:: SOURCE DATA

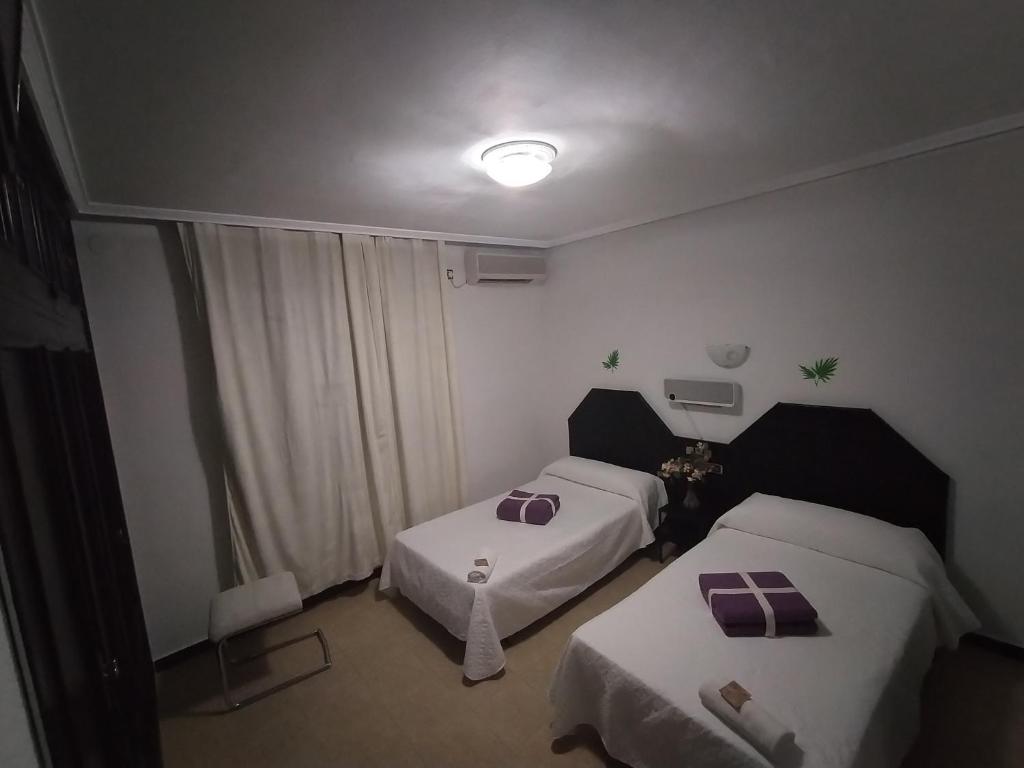 Postel nebo postele na pokoji v ubytování Hostal New York City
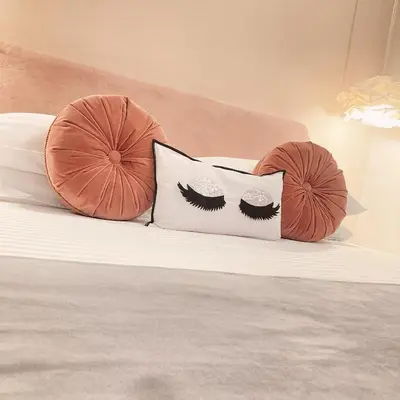 a bed with two pillows with lashes on it at Tama Rooms in Rome
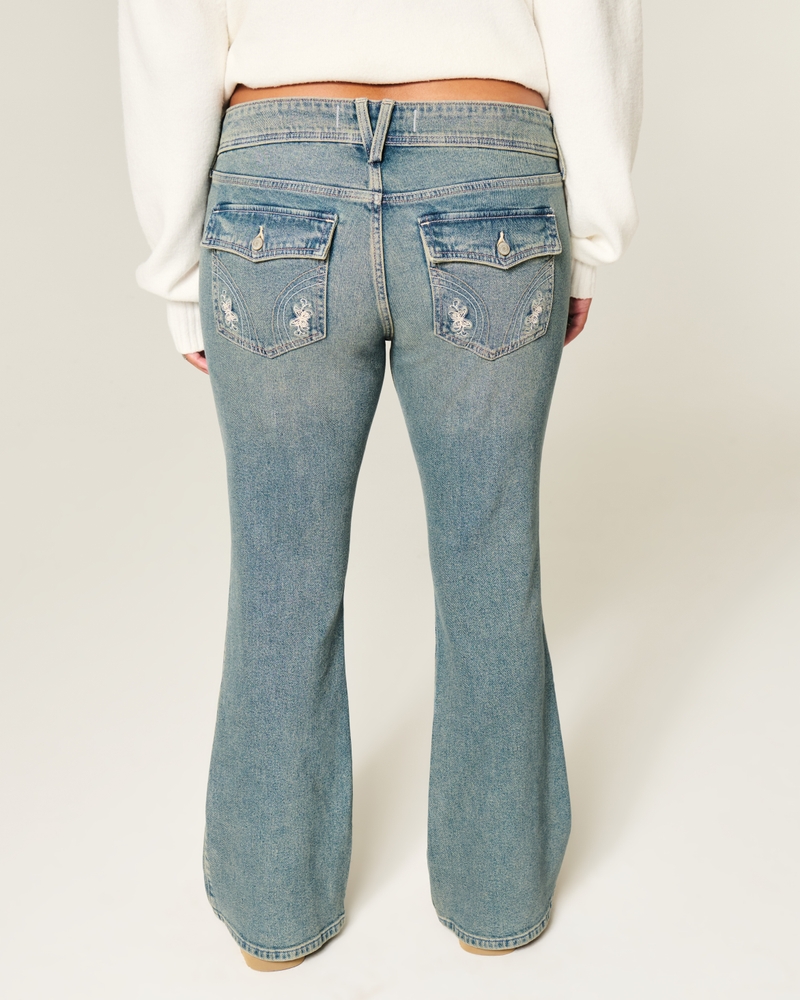 jeans bootcut a vita bassa effetto consumato lavaggio medio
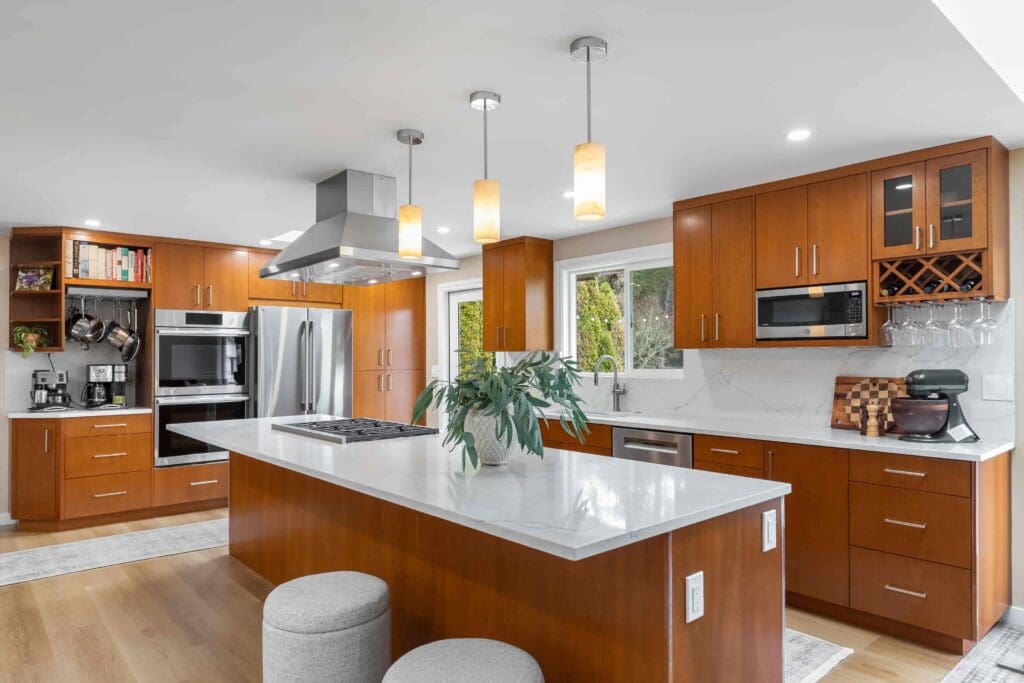11114 34th Pl SW, Seattle WA_0001 Modern kitchen with custom cherry cabinets, stainless steel appliances, a countertop island with two stools, pendant lights, and a plant centerpiece; large windows let in natural light.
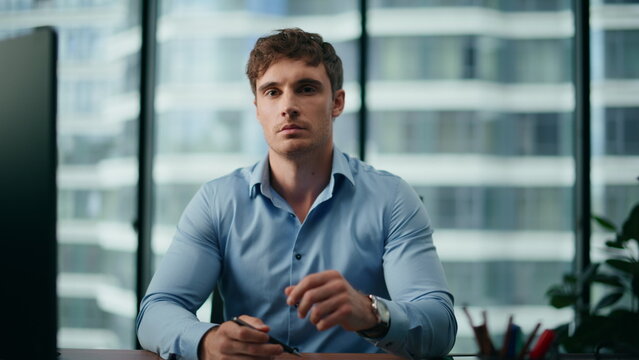 Unfocused office manager sitting closeup. Fatigue ceo thinking about problems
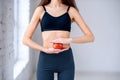 Beautiful slim girl in dark sportwear holding red apple in the hands near her attractive belly. Healthy lifestyle, diet Royalty Free Stock Photo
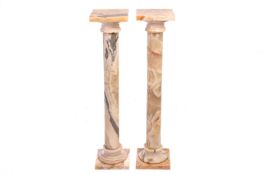 A pair of marble pedestals, 23 cm wide x 23 cm deep x 102 cm highTop marble panel of one column lose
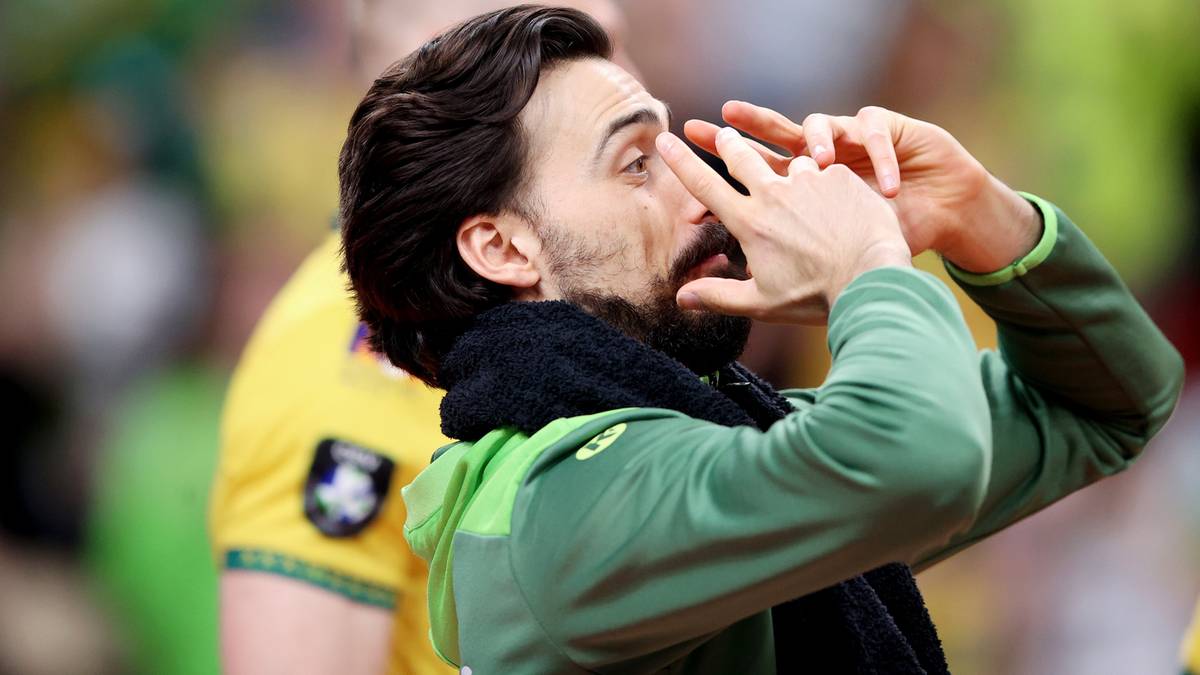 Mężczyzna w bluzie krzyczy z rękami przy twarzy.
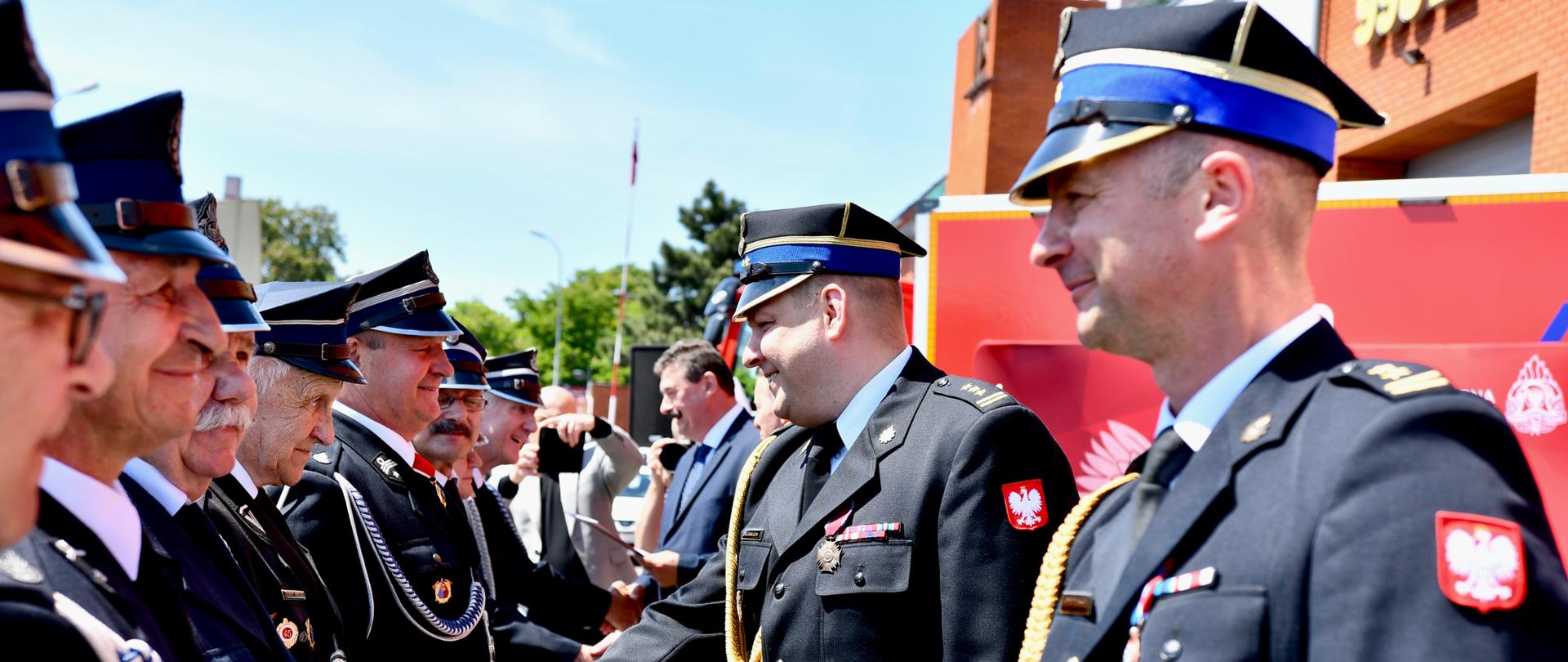 strażak ściska dłoń drugiemu strażakowi
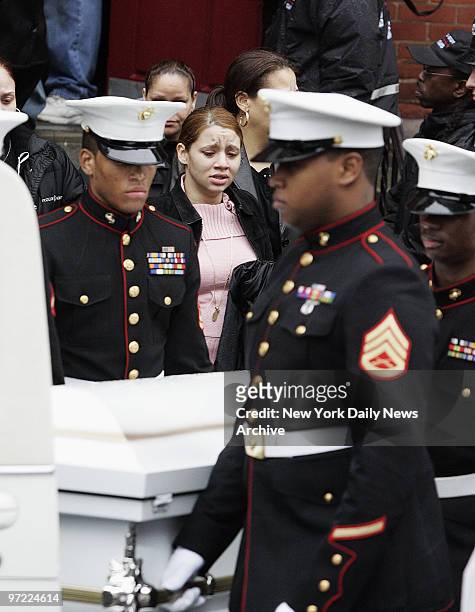 Marine honor guard carries the casket of Nixzmary Brown past mourners to a waiting hearse outside St. Mary's Church on Grand St. After her funeral...
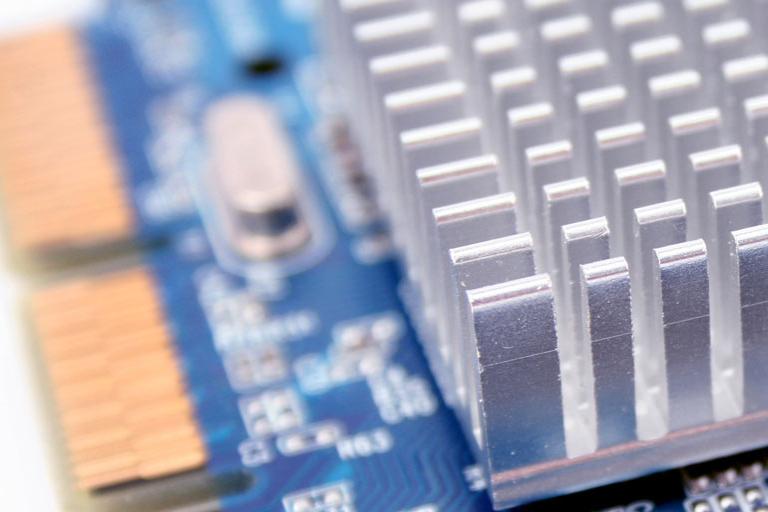 PC hardware heat sink detail with electronic microchip circuitry.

::::

ACTIVITY
Return the material above exactly; the images stay out.

FINAL ANSWER
 Postel nebo postele na pokoji v ubytování Hostal New York City
 a bed with two pillows with lashes on it at Tama Rooms in Rome
 jeans bootcut a vita bassa effetto consumato lavaggio medio
11114 34th Pl SW, Seattle WA_0001 Modern kitchen with custom cherry cabinets, stainless steel appliances, a countertop island with two stools, pendant lights, and a plant centerpiece; large windows let in natural light.
 Unfocused office manager sitting closeup. Fatigue ceo thinking about problems
 Beautiful slim girl in dark sportwear holding red apple in the hands near her attractive belly. Healthy lifestyle, diet Royalty Free Stock Photo
 A pair of marble pedestals, 23 cm wide x 23 cm deep x 102 cm highTop marble panel of one column lose
 Mężczyzna w bluzie krzyczy z rękami przy twarzy.
 strażak ściska dłoń drugiemu strażakowi
 Marine honor guard carries the casket of Nixzmary Brown past mourners to a waiting hearse outside St. Mary's Church on Grand St. After her funeral...
 PC hardware heat sink detail with electronic microchip circuitry.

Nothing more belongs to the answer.